What is needed: Which of the lines below mention the word "Gold"? Pull each one out.

(Data items)

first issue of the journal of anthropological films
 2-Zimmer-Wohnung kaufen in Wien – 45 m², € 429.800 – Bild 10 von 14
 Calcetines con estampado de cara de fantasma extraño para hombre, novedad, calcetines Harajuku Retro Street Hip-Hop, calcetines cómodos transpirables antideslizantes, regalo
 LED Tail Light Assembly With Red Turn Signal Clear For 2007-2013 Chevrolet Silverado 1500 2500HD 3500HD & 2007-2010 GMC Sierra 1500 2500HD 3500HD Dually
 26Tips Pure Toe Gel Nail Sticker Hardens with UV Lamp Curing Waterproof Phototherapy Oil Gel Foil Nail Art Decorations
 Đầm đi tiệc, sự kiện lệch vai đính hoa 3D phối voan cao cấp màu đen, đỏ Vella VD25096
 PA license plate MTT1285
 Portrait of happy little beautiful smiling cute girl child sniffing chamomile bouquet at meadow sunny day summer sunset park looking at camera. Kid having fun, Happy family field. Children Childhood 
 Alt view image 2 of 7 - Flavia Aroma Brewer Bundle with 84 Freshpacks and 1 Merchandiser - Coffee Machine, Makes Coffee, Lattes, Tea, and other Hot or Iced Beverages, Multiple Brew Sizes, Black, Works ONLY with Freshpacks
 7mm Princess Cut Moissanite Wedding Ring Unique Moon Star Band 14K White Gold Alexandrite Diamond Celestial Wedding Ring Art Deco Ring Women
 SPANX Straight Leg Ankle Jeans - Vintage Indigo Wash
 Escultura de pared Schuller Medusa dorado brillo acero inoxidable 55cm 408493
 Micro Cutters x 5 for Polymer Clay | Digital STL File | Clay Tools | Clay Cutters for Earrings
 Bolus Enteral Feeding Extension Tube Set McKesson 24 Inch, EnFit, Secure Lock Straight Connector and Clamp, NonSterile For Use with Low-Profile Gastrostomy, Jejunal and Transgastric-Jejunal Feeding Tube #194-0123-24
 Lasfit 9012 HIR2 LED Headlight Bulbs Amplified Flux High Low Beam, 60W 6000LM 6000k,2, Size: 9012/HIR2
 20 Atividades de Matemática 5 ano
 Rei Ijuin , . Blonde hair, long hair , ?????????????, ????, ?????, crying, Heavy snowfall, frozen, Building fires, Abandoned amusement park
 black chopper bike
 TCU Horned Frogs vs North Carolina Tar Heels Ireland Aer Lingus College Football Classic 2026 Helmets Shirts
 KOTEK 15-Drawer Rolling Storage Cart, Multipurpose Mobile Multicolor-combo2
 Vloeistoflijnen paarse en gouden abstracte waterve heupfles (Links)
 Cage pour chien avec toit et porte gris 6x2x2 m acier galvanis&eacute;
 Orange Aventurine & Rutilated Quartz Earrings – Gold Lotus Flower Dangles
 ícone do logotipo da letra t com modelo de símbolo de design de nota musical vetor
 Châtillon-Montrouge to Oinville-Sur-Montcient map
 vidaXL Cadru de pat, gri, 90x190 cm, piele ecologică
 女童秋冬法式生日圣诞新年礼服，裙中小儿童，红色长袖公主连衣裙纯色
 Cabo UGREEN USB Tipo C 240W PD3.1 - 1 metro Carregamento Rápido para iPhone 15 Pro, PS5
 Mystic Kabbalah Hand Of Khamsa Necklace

Exercise result:
 7mm Princess Cut Moissanite Wedding Ring Unique Moon Star Band 14K White Gold Alexandrite Diamond Celestial Wedding Ring Art Deco Ring Women
 Orange Aventurine & Rutilated Quartz Earrings – Gold Lotus Flower Dangles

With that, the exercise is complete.